Oliver: the made-in-Ottawa robot that cooks for you
Eating & Drinking

Oliver: the made-in-Ottawa robot that cooks for you

Khalid Aboujasoum was a first-year engineering student at University of Ottawa, away from his mother’s home cooking, when he first thought of inventing a cooking robot.

“I struggled, being away from home. I never liked frozen food,” he says, over three years later as he anticipates the release date of his device. Put simply, it’s a ‘smart’ slow cooker operates according to pre-programmed recipes. It comes with a library of recipes for such dishes as coconut vegetable curry and beet risotto. Now accepting pre-orders, Oliver is scheduled to ship to buyers in June 2021.

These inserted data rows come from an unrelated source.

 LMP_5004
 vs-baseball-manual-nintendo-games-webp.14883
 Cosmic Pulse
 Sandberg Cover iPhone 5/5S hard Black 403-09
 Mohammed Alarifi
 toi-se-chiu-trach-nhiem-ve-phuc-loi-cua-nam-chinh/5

Operated through an app, Oliver promises to guide the human through prepwork and instruct on ingredient placement via jars that click in place on the top. Apparently, it’s smart enough to know when to add the elements, adjust heat, and stir. “Then you can walk away, do something else, and you always get the same results,” says Khalid.

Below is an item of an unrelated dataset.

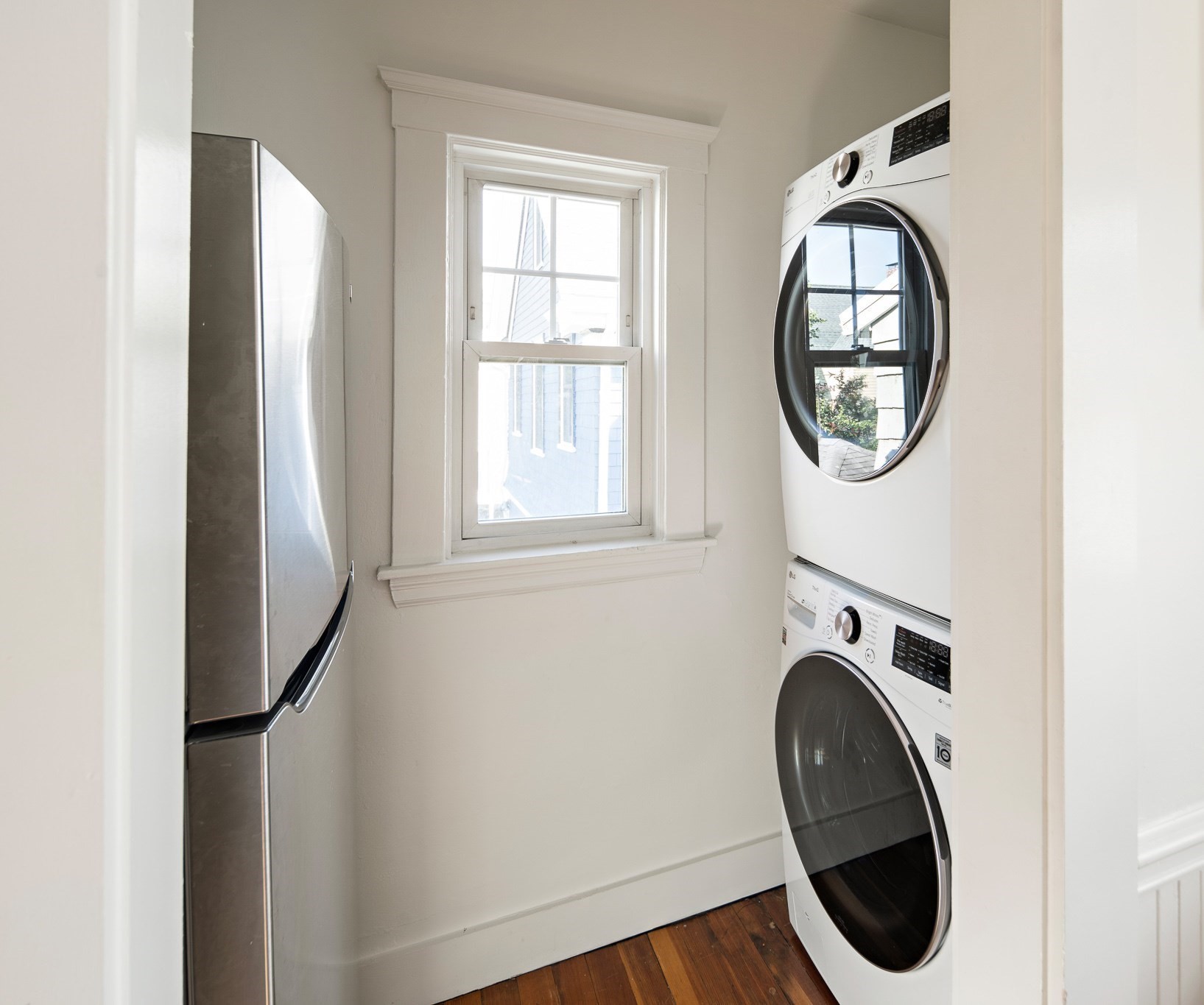 41 Palmer St. Unit 43, Arlington, MA 02474 - Image 11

What’s more, Khalid has developed the app so that anyone with Oliver can program their own recipes into the system. The first time, in ‘recipe creation mode’, it takes a while, as you insert each step as a ‘job’ into the app. Once those jobs are perfected, he says, the workload is drastically reduced. The way he sees it there are two markets: those who consume (and will be happy to use supplied recipes as long as it tastes good), as well as professional cooks looking to create new recipes.

If it all works out as Khalid envisions, Oliver could also make for a fun way to share recipes. He’s both excited and reserved about this part. “Sharing has to be based around quality assurance. The smart phone empowers the user, but we still need to monitor, getting help from the community, to keep the quality up.”